Pillar 1 — Policy Export Governance
  • Existence and quality of a dedicated state export policy / foreign trade policy
  • Institutional framework — Export Promotion Council linkages, dedicated export promotion agency
  • Financial incentives for exporters — state-level export subsidies, MSME export schemes, market development assistance
  • Export facilitation infrastructure — common facility centres, testing labs, certification bodies (BIS, APEDA, EIC)
  • Participation in international trade fairs, buyer-seller meets, and virtual trade promotion events
  • District-level export plans and cluster-based export promotion programmes
Pillar 2 — Business Ecosystem Enabling Environment
  • Ease of Doing Business (EoDB) ranking and business reform implementation rate
  • MSE/MSME density and formalization rate — formal enterprises are more likely to export
  • Access to formal credit and trade finance for export-oriented enterprises
  • Availability of skilled and trained export workforce (language skills, compliance knowledge, packaging expertise)
  • Research & development intensity and innovation ecosystem supporting product development for global markets
  • GI-tagged products and their commercialisation potential for niche premium exports
Pillar 3 — Export Infrastructure Hard Infrastructure
  • Port infrastructure — container throughput capacity, TEU volumes, dwell time, mechanisation level
  • Air cargo infrastructure — dedicated air cargo terminals, reefer facilities, IATA-certified handling
  • Integrated Check Posts (ICPs) and Land Customs Stations (LCS) for border trade
  • Special Economic Zones (SEZs) and Export-Oriented Units (EOUs) — number, area, employment, export value
  • Cold chain infrastructure — pre-cooling, pack-houses, ripening chambers, reefer vehicles for perishable exports
  • Testing laboratories with international accreditation (NABL, BIS, FSSAI, APEDA) for export certification
Pillar 4 — Export Performance Outcomes & Growth
  • Total merchandise export value and year-on-year growth rate
  • Export per capita as a measure of export intensity relative to state population
  • Export diversification — number of product categories and destination countries
  • Share of value-added / processed exports vs. raw commodity exports
  • Services export performance — software exports, tourism earnings, remittances from overseas workers
  • Growth in e-commerce exports — direct-to-consumer exports from SMEs through digital platforms
Kerala's EPI Performance
₹1.5 L Cr+
Annual Exports
Top 5
Marine Exports
No. 1
Spice Exports
SDG No. 1
NITI Aayog SDG Index
EPI Strengths — Where Kerala Leads
  • Marine Product Exports: Kerala is India's second-largest exporter of marine products, led by shrimp, fish, and value-added seafood.

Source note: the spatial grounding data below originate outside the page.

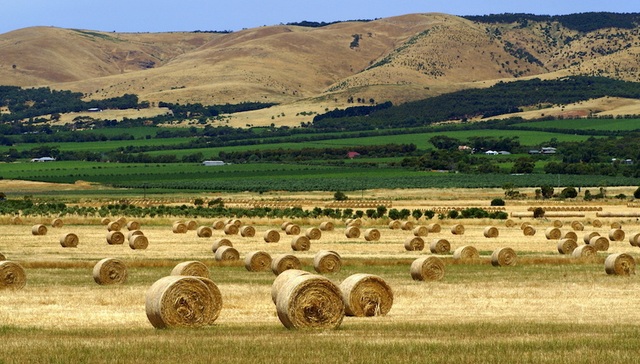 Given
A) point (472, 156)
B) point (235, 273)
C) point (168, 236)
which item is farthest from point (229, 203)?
point (472, 156)

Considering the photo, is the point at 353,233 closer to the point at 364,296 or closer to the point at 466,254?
the point at 466,254

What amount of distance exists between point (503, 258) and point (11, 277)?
1855 centimetres

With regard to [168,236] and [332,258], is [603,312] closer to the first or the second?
[332,258]

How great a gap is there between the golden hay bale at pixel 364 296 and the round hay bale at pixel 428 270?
972cm

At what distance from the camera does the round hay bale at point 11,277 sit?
3653cm

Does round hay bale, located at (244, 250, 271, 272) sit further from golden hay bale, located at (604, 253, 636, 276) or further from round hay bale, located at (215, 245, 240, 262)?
golden hay bale, located at (604, 253, 636, 276)

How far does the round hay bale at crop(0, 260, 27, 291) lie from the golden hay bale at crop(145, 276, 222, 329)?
967cm

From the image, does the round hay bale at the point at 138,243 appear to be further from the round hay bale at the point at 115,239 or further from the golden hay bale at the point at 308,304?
the golden hay bale at the point at 308,304

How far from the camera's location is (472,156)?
19350cm

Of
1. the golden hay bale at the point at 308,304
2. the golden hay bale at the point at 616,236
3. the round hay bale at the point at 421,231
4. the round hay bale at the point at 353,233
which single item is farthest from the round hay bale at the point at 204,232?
the golden hay bale at the point at 308,304

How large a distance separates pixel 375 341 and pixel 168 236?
43456 millimetres

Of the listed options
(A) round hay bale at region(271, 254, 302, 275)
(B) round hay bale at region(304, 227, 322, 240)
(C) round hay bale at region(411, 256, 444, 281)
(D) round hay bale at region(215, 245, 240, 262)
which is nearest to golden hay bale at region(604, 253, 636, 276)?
(C) round hay bale at region(411, 256, 444, 281)

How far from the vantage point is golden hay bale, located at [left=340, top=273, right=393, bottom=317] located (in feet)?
100

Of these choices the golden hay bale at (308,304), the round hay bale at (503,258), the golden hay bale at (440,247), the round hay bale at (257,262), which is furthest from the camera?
the golden hay bale at (440,247) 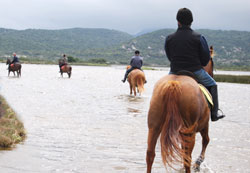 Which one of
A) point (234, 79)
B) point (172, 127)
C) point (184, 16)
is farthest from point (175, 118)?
point (234, 79)

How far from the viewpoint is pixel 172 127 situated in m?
5.18

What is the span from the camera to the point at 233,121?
12555 millimetres

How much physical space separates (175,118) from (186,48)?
1.28m

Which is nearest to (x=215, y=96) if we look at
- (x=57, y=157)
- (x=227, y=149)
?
(x=227, y=149)

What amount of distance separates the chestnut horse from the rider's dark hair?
1.16 metres

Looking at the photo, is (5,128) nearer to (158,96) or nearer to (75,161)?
(75,161)

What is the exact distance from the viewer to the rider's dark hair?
19.5 feet

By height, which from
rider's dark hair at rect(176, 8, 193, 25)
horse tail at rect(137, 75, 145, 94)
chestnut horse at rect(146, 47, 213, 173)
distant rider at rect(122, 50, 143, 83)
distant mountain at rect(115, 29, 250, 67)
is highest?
distant mountain at rect(115, 29, 250, 67)

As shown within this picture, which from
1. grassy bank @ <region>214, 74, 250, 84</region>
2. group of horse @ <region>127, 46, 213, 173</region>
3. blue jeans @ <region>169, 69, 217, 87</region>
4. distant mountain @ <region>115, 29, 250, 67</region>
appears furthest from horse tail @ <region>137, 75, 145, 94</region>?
distant mountain @ <region>115, 29, 250, 67</region>

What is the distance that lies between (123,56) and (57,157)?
168 meters

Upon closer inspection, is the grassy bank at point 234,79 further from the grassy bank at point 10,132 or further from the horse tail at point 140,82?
the grassy bank at point 10,132

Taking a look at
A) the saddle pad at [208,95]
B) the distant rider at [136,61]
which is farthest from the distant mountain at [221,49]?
the saddle pad at [208,95]

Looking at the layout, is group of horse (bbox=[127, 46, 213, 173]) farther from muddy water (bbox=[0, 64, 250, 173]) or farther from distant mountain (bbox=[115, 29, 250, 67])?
distant mountain (bbox=[115, 29, 250, 67])

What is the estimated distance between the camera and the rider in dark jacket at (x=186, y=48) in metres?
5.82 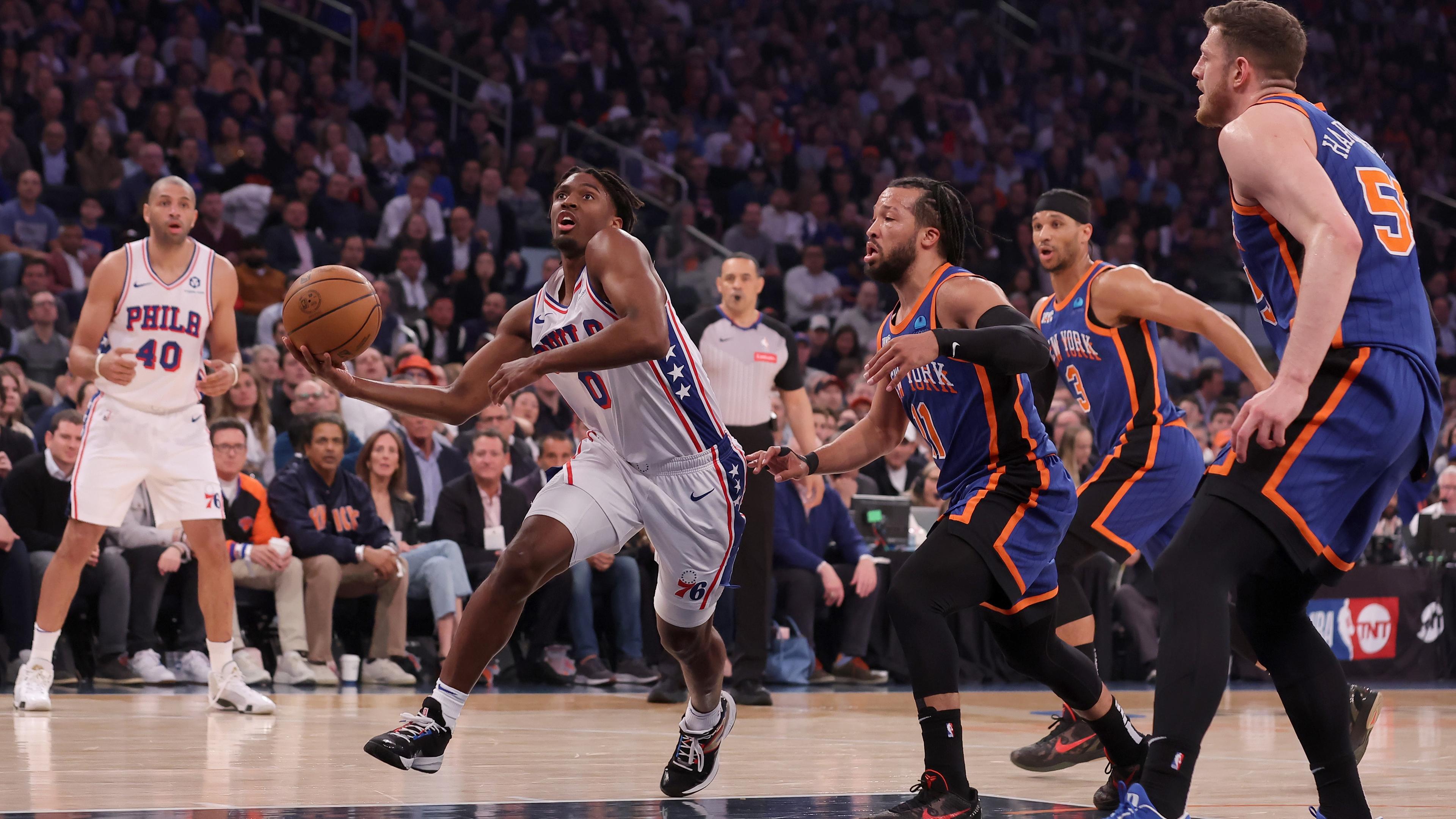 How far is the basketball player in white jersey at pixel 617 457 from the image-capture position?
15.3 feet

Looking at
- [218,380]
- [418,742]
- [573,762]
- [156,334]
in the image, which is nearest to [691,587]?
[418,742]

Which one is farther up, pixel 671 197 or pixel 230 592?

MPEDA and EIA-certified processing units and HACCP-compliant facilities drive export quality.
  • Spice Exports: Idukki district — the "Spice Garden of India" — contributes to Kerala's dominant position in cardamom, pepper, ginger, and turmeric exports, supported by the Spices Board of India headquartered in Kochi.
  • Institutional Framework: KSIDC, Kerala Industrial Infrastructure Development Corporation (KINFRA), Spices Board, Rubber Board, Tea Board, MPEDA, and APEDA all have active presence in Kerala, providing strong export promotion infrastructure.
  • GI Tags: Kerala has among the highest number of Geographical Indication (GI) tagged products in India, including Wayanadan Robusta Coffee, Malabar Pepper, Alleppey Coir, Kasaragod Sarees, and Palakkadan Matta Rice, offering premium export positioning.
  • Port Infrastructure: Cochin Port Trust, ICTT Vallarpadam (India's first dedicated container transshipment terminal), and new berth developments provide excellent maritime export infrastructure.
EPI Improvement Areas
  • Export Diversification: Kerala's exports remain concentrated in traditional sectors. Electronics, engineering goods, chemicals, and pharmaceuticals — high-growth export sectors — have limited representation.
  • SEZ Performance: Kerala's SEZ export volume is below its potential. Attracting export-oriented manufacturing to Cochin SEZ and KINFRA parks can significantly improve EPI performance scores.
  • E-Commerce Exports: Despite high internet penetration, Kerala's MSME participation in cross-border e-commerce exports is nascent and needs targeted support through digital export hubs.
  • Testing & Certification Infrastructure: More NABL-accredited laboratories for food safety, chemical, and textile testing are needed to reduce turnaround time and cost for export certification.
Kerala's Key Export Sectors

Kerala's export basket is diverse, rooted in natural resource advantages and skilled workforce capabilities. The following sectors represent the state's primary export contributors and future growth opportunities:

Marine Products

Shrimp, fish fillet, cuttlefish, and value-added seafood. Kerala is India's second-largest exporter. Key markets: USA, EU, Japan, China, and Southeast Asia.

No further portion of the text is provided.